Diagenode

The dual specificity phosphatase 2 gene is hypermethylated in human cancer and regulated by epigenetic mechanisms


Tanja Haag, Antje M. Richter, Martin B. Schneider, Adriana P. Jiménez and Reinhard H. Dammann

Dual specificity phosphatases are a class of tumor-associated proteins involved in the negative regulation of the MAP kinase pathway. Downregulation of the dual specificity phosphatase 2 (DUSP2) has been reported in cancer. Epigenetic silencing of tumor suppressor genes by abnormal promoter methylation is a frequent mechanism in oncogenesis.
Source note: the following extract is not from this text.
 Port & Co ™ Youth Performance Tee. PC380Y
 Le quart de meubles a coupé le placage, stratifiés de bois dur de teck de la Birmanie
It has been shown that the epigenetic factor CTCF is involved in the regulation of tumor suppressor genes.

We analyzed the promoter hypermethylation of DUSP2 in human cancer, including primary Merkel cell carcinoma by bisulfite restriction analysis and pyrosequencing. Moreover we analyzed the impact of a DNA methyltransferase inhibitor (5-Aza-dC) and CTCF on the epigenetic regulation of DUSP2 by qRT-PCR, promoter assay, chromatin immuno-precipitation and methylation analysis.

Here we report a significant tumor-specific hypermethylation of DUSP2 in primary Merkel cell carcinoma (p = 0.05). An increase in methylation of DUSP2 was also found in 17 out of 24 (71 %) cancer cell lines, including skin and lung cancer. Treatment of cancer cells with 5-Aza-dC induced DUSP2 expression by its promoter demethylation, Additionally we observed that CTCF induces DUSP2 expression in cell lines that exhibit silencing of DUSP2. This reactivation was accompanied by increased CTCF binding and demethylation of the DUSP2 promoter.

Our data show that aberrant epigenetic inactivation of DUSP2 occurs in carcinogenesis and that CTCF is involved in the epigenetic regulation of DUSP2 expression.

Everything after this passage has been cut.